Профессор отрицательно покачал головой, и, прежде чем он успел заговорить, Фелисита покинула комнату.
Анхен быстро выздоравливала, но Фелисита еще не избавилась от обязанностей сиделки. Малютка начинала сердиться и волноваться, как только девушка оставляла комнату, и советнице пришлось попросить Фелиситу побыть у больной до ее окончательного выздоровления. Молодая вдова приняла это решение еще и потому, что профессор не появлялся больше в комнате больной. Его посещения по утрам длились не более трех минут, и вообще его теперь мало видели в доме. Казалось, его вдруг охватила страсть к саду. Он больше не занимался по утрам в своем кабинете, и кто хотел его видеть, тот должен был идти в сад. Госпожа Гельвиг подчинилась новой фантазии и, к большому удовольствию советницы, устраивала все обеды и ужины в беседке. В старом купеческом доме стало еще тише: раньше десяти часов вечера никто не возвращался. Но зато случалось, что профессор приходил домой раньше других. Тогда он делал несколько шагов по направлению к комнате больной, потом, точно в раздумье, останавливался и быстро поднимался к себе. Его кабинет находился над комнатой Адель, но он не сидел над своими книгами, а целыми часами ходил по комнате. В восемь часов Анхен обыкновенно засыпала, и тогда для Фелиситы наступало время отдыха. Она поднималась в мансарду.

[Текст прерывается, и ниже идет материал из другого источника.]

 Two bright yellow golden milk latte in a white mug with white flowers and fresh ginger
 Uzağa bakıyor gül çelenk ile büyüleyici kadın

Тетя Кордула преодолела свою недавнюю слабость и мрачные предчувствия и весело говорила о том близком будущем, когда Фелисита будет жить у нее. Фелисита никогда не рассказывала о событиях в большом доме, а старая дева, верная своей привычке, не расспрашивала ее.
Однажды Фелисита сидела одна у Анхен. В доме царила мертвая тишина. Госпожа Гельвиг и советница ушли в гости, профессор, без сомнения, находился в саду, так как в его комнате было тихо. Малютка, устав играть, попросила Фелиситу спеть ей что-нибудь. У молодой девушки был красивый голос, а старая дева прекрасно поставила его. Фелисита находила, что пение успокаивает ребенка, но никогда не пела, опасаясь, что кто-нибудь может ее услышать.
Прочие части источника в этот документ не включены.